Time-Efficient Training for 3D Unet Model using MONAI Framework  

  By: rezasafdari on July 15, 2024, 10:26 a.m.

Hello there,

I have developed a basic 3D Unet model for Task 1 of this competition utilizing the MONAI framework. In my code, I randomly selected 6 patches of size 96x96x96 for training the model on two L30s Nvidia GPUs. However, training the model is quite time-consuming, taking roughly an hour for each epoch. The situation is even more problematic for 5-fold training. Has anyone else encountered a similar issue? I am open to any suggestions for addressing this problem.

 Last edited by: rezasafdari on July 15, 2024, 12:09 p.m., edited 1 time in total.

Re: Time-Efficient Training for 3D Unet Model using MONAI Framework  

  By: shadab on July 16, 2024, 6 a.m.

Have you tried mixed precision training? And are you distributing your training across the two GPUs you have (via DistributedDataParallel() or something similar)?

Re: Time-Efficient Training for 3D Unet Model using MONAI Framework  

  By: rezasafdari on July 16, 2024, 8:22 a.m.

Thanks for replying. Yes, I have employed both mixed precision and distributed training by using the DistributedDataParallel() module.

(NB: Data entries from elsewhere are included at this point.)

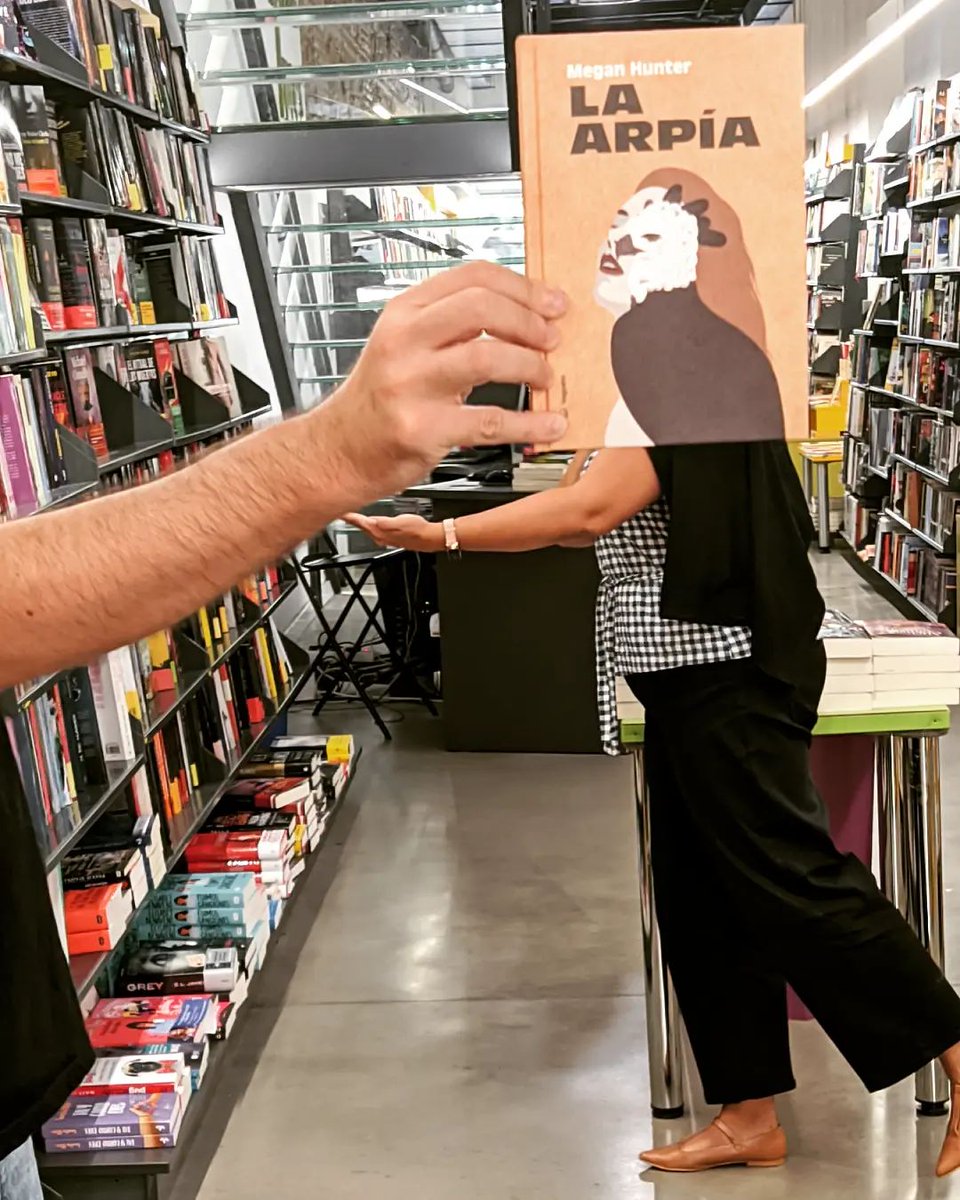 librerialuces's tweet photo. Nosotros ya tenemos nuestra arpía. ¿Acaso tú no quieres la tuya?
📚LA ARPÍA, de Megan Hunter
👉 https://t.co/ozl1WoWQ8N
Publicado por @VeguetaEd.
#LibreriaLuces #Malaga #SohoMalaga #LucesPropone #LaArpia #MeganHunter #VeguetaEdiciones #BookFace #BookFaceFriday #Caralibros https://t.co/KqqteOoDjm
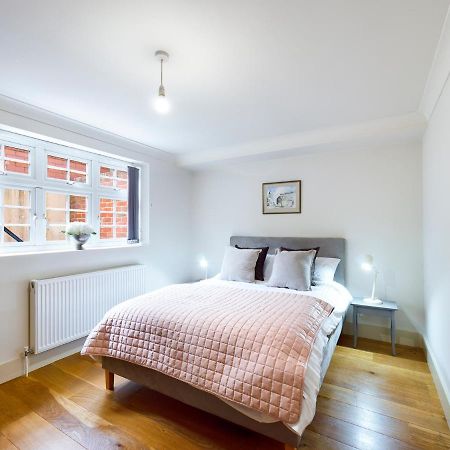 Redhill Town Centre Apartment By Livingo Εξωτερικό φωτογραφία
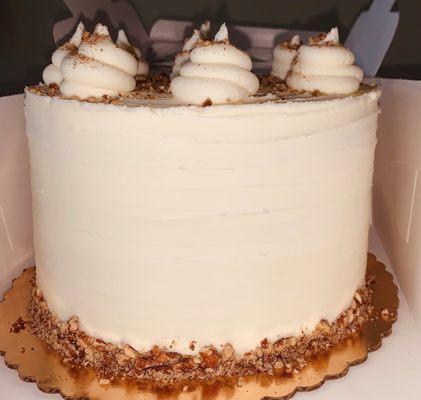 Carrot Cake (8" round)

Re: Time-Efficient Training for 3D Unet Model using MONAI Framework  

  By: jdex on July 19, 2024, 10:06 p.m.

This sounds like a classical data-bottleneck. Have you tried to pre-compute patches? If you have enough disk space you also could save them as an uncompressed file type i.e. *.npy. Sometimes the network can also be a limiting factor. Or your data is located on a slow harddrive. For the datacentric code i also did the sampling and transformations in advance. Best Jakob

Re: Time-Efficient Training for 3D Unet Model using MONAI Framework  

  By: rezasafdari on July 24, 2024, 9:18 a.m.

Hello jdex, Your recommendation proved to be extremely valuable in resolving the data bottleneck problem I encountered. By pre-computing patches and storing them as uncompressed *.npy files, I've noticed a significant improvement in the performance of the training process. I truly appreciate your assistance. Thank you!

 Last edited by: rezasafdari on July 24, 2024, 9:18 a.m., edited 1 time in total.